The Reconfigurable Partition has a Slave AXI bus and a Master AXI bus. The idea is that the Slave AXI bus is used for control (reading and writing registers) while the Master AXI bus for reading and writing to the DDR3.

I've also implemented a hierarchical block to group together the AXI Shutdown managers and DFX couplers.

Building

xdma and xdma_ddr3

The first two projects are built using Vivado 2021.1. Running the following will get you a bitstream:

source /opt/Xilinx/Vivado/2021.1/settings64.sh
cd project/xdma_ddr3_dfx
make full

xdma_ddr3_dfx

The last project is built using Vivado 2024.2 (it plays better with DFX):

Source Vivado:

source /opt/Xilinx/Vivado/2024.2/settings64.sh

Build Static and Reconfigurable Region

make full

This command will build the entire thing and provide you with the following:

  • Top-level bitstream (full bitstream)
  • Partial bitstream (only RP)
  • Routed checkpoint for the top-level
  • Timing and power reports

Synthesizing and Implementing the Reconfigurable Region

make partial BDC=<DFX block design container>

The Block Design Container can be completely different than the one used by make full, as long as the interfaces remain constant. This is why I've made a dfx_block_designs directory.

This command assumes you have exported the Block Design Container to TCL format. Run the following in Vivado to export TCL (make sure to only have the RP Block Design open):

validate_design
write_bd_tcl -force -make_local -exclude_layout ../../xdma_ddr3_dfx_bdc.tcl

Launches an out-of-context synthesis of the Reconfigurable Region's Block Design Container then runs implementation against routed checkpoint created with make full.

It does so by taking the routed top-level checkpoint and replacing the Reconfigurable Partition with a grey-box. The grey-box is then replaced with checkpoint from the previous step.

Once done, it runs a check against the originally created checkpoint for compatibility using pr_verify and writing a bitstream when successful.

Other Notes

Winbond Configuration Memory

Vivado doesn't recognize by default the configuration memory used in this board: w25q128bv.

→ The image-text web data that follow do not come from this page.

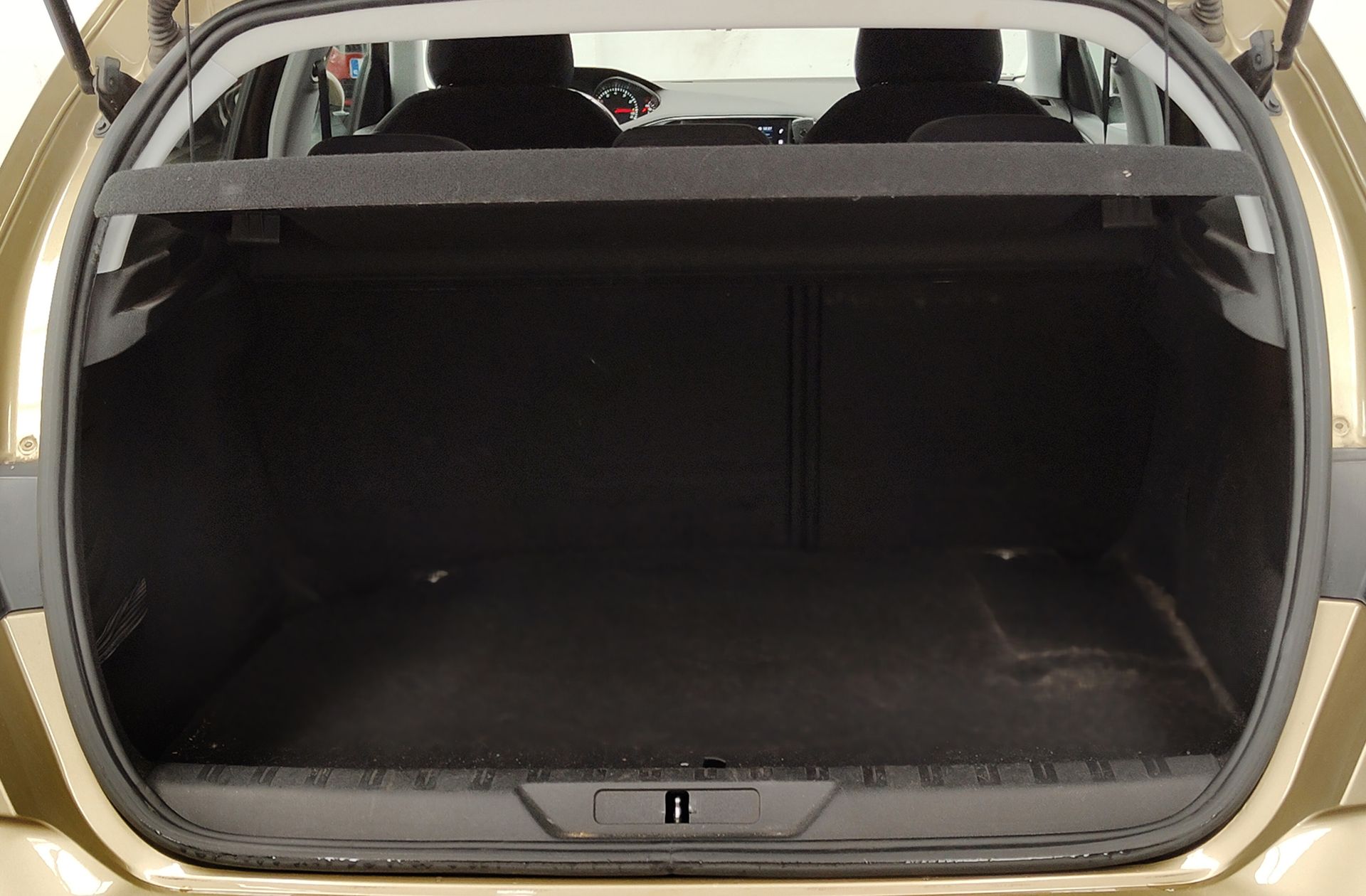 Peugeot 308 PureTech 130 Style - foto 15
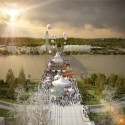 © OMA, Artefactory, Frans Parthesius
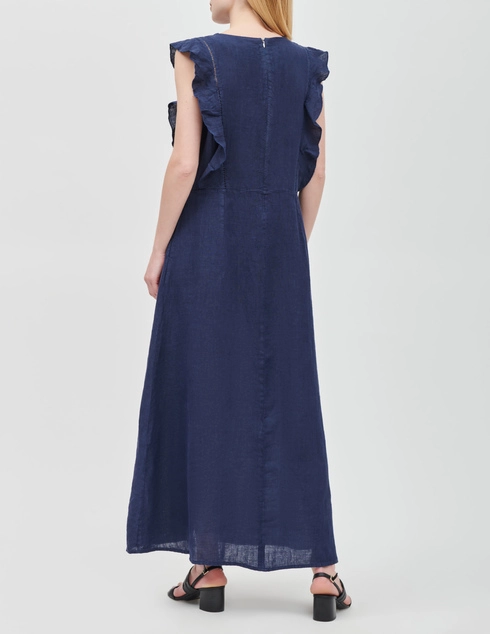 ATELIER EMI ED16035837_blue фото-3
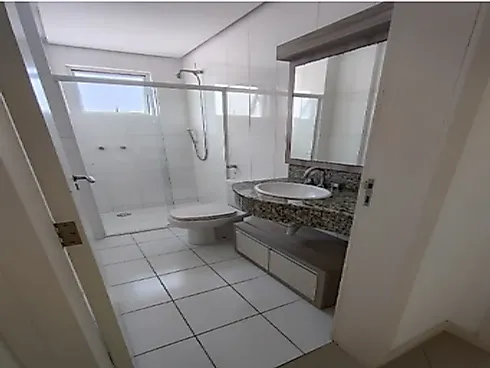 Apartamento 2 Quartos com 1 Suíte e 70m² - Estreito - Foto 14
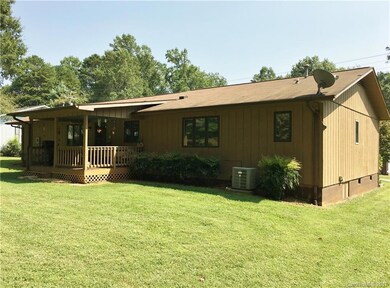 507 Millsaps Rd, Statesville, NC 28625 - photo 2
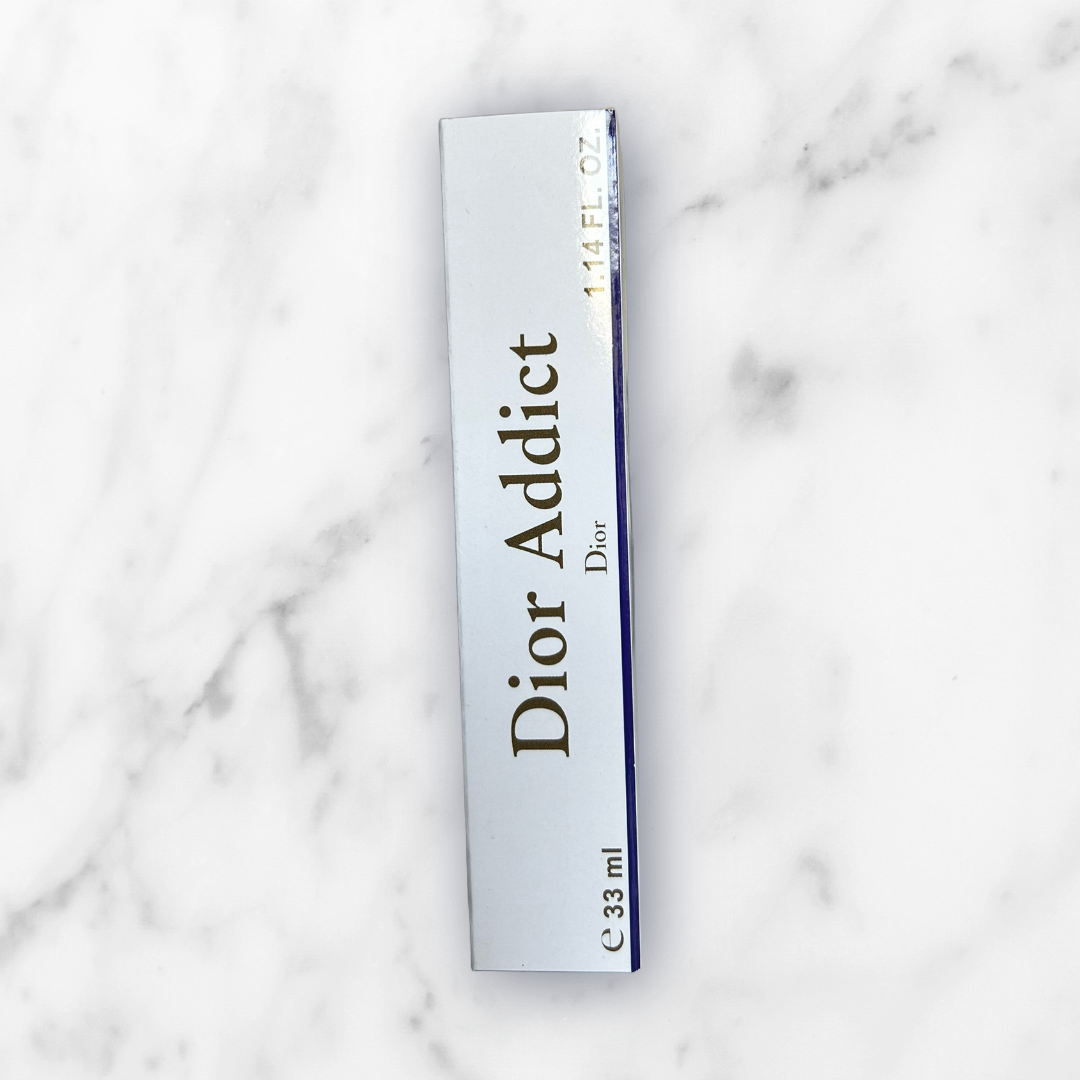 Dior Addict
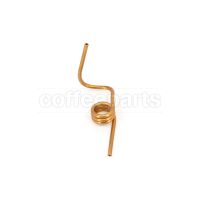 Brew Gauge Tube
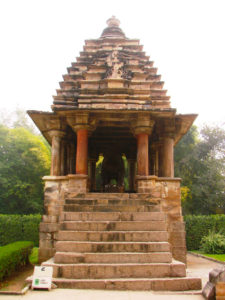 khajuraho 4 inmarathi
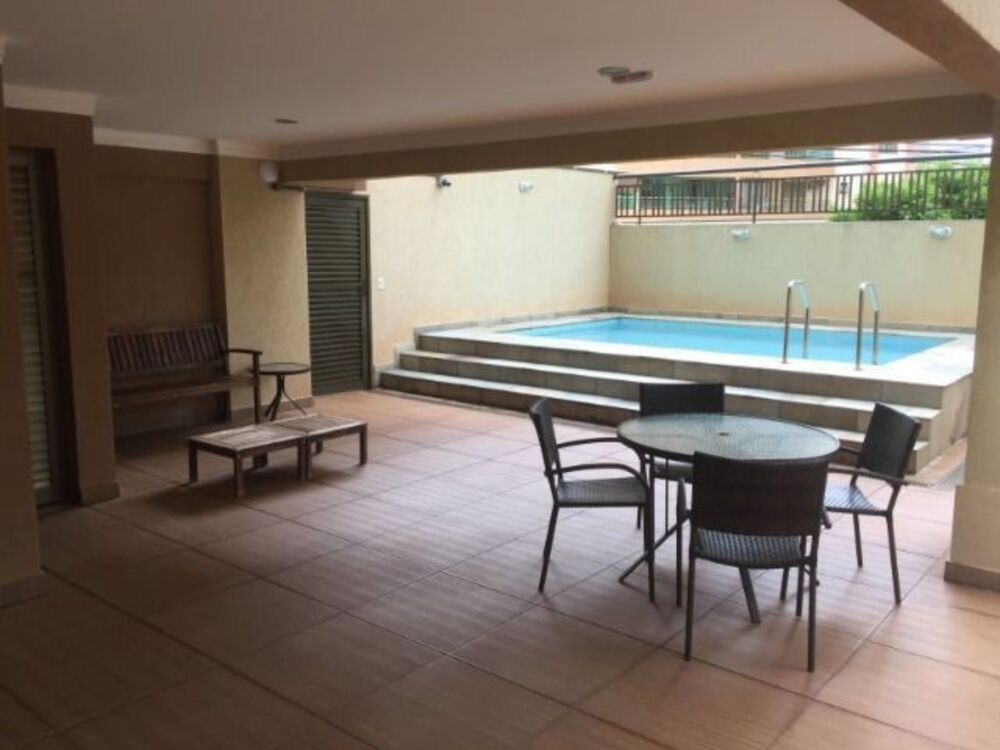 Apartamento, 3 quartos, 106 m² - Foto 16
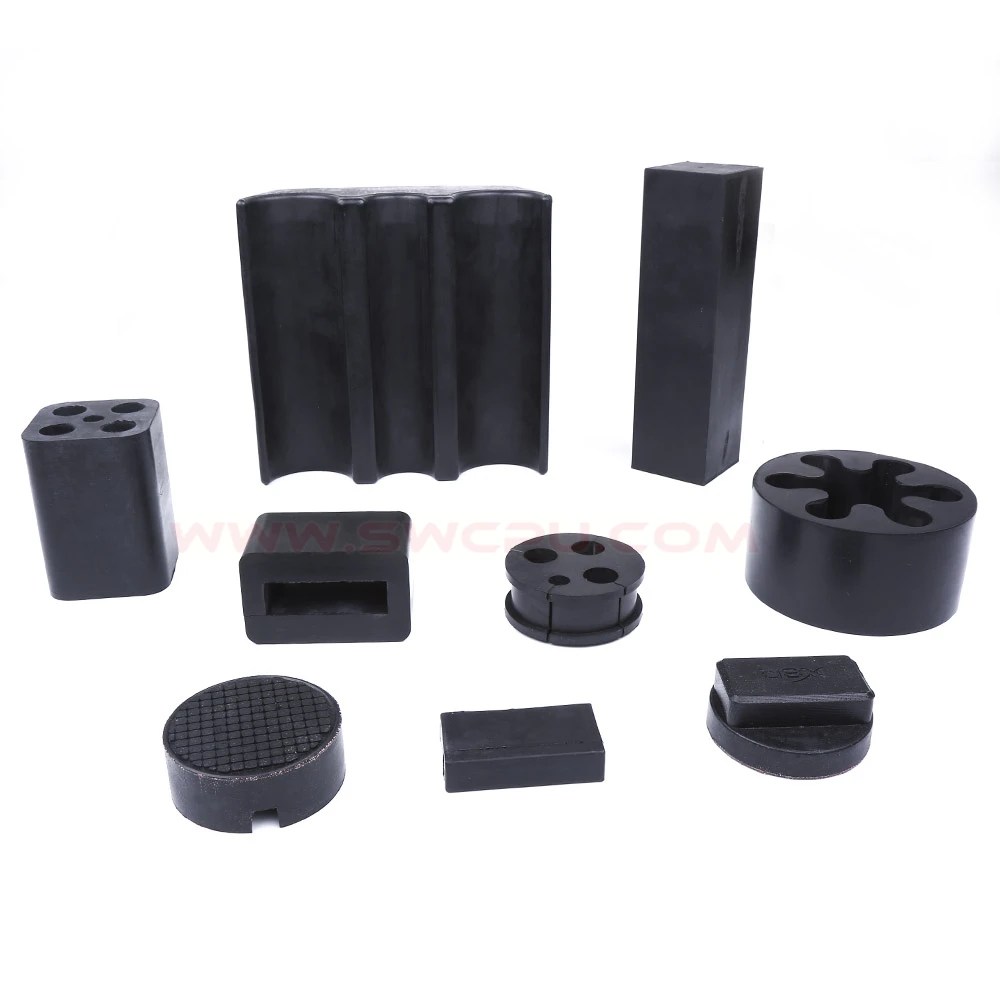 Hard Polyurethane Urethane Rubber Blocks Buy Hard Polyurethane Blocks Hard Urethane Blocks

Fortunately, this has an easy fix. Take a look at docs/Micellaneous/winbond-flash-notes.txt for more details.

Non-standard PCIe Lanes

The board was designed using a reversed lane order, opposite of what Xilinx recommends. This is talked about on Section 2.5 (page 30) of the user guide.

I'm still working out how to script this. So doing it manually isn't necessary. This applies to all three projects.

UPDATE: I think I've almost worked out a solution. Setting the processing order to "early" of a constraints file with the correct lane order and then changing the IP core's constraints file to "normal" seems to work. For some reason, however, building the xdma_ddr3 project the first time doesn't take the early constraints. If you rebuild from the GUI again it uses them correctly. The other two projects seems to work every time.

This can be verified using the following command when viewing the implemented design:

get_property LOC [get_cells {xdma_ddr3_i/xdma_0/inst/xdma_ddr3_xdma_0_0_pcie2_to_pcie3_wrapper_i/pcie2_ip_i/inst/inst/gt_top_i/pipe_wrapper_i/pipe_lane[3].gt_wrapper_i/gtp_channel.gtpe2_channel_i}]

It should return: GTPE2_CHANNEL_X0Y7

0